→ **The problem**: Please restate, exactly, only the lines from the beginning of the listing below through the line containing "モンテリザイア紀和[1LDK/35.09m2]の間取図", with the pictures left out.

(Data provided Opens)

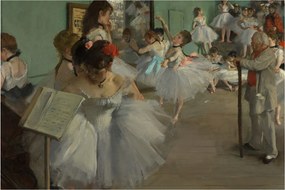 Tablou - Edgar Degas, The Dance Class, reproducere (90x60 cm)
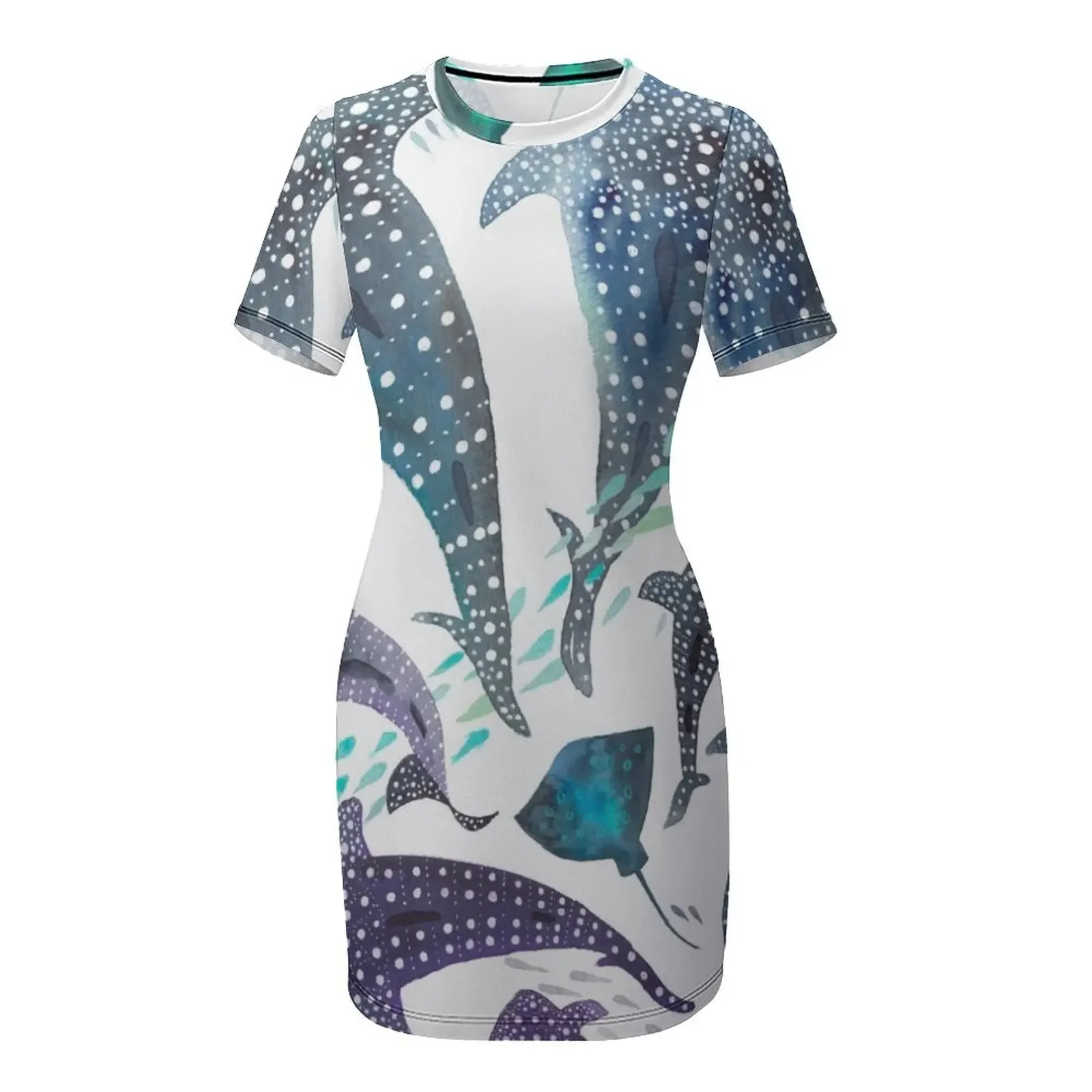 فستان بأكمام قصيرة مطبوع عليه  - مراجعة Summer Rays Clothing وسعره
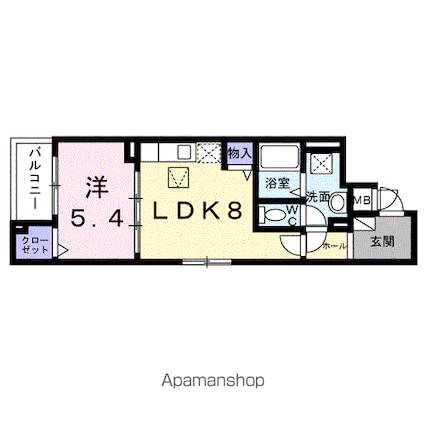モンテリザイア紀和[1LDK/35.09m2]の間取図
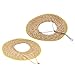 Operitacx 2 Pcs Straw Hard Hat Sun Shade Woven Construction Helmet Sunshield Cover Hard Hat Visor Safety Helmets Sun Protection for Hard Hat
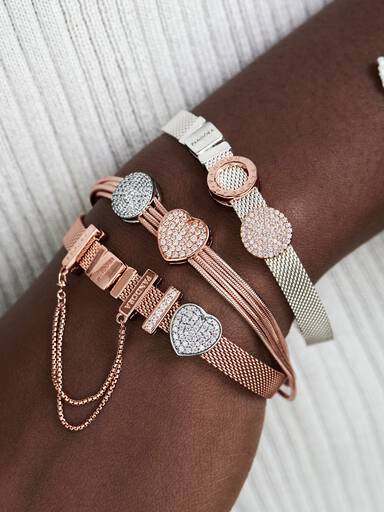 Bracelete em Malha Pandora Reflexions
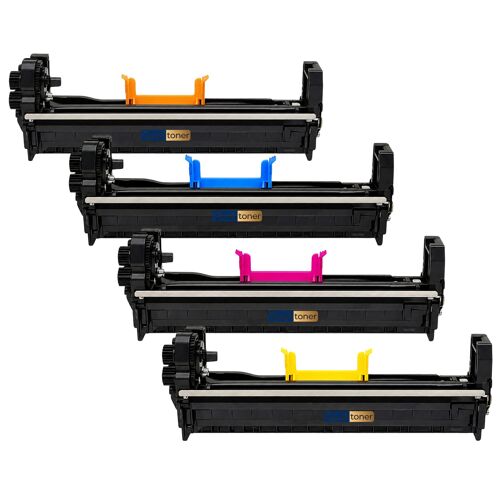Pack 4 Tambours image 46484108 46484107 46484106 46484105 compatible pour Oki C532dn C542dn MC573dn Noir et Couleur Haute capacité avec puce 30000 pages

(Data provided Closes)

→ **Output for this exercise**:
 Tablou - Edgar Degas, The Dance Class, reproducere (90x60 cm)
 فستان بأكمام قصيرة مطبوع عليه  - مراجعة Summer Rays Clothing وسعره
モンテリザイア紀和[1LDK/35.09m2]の間取図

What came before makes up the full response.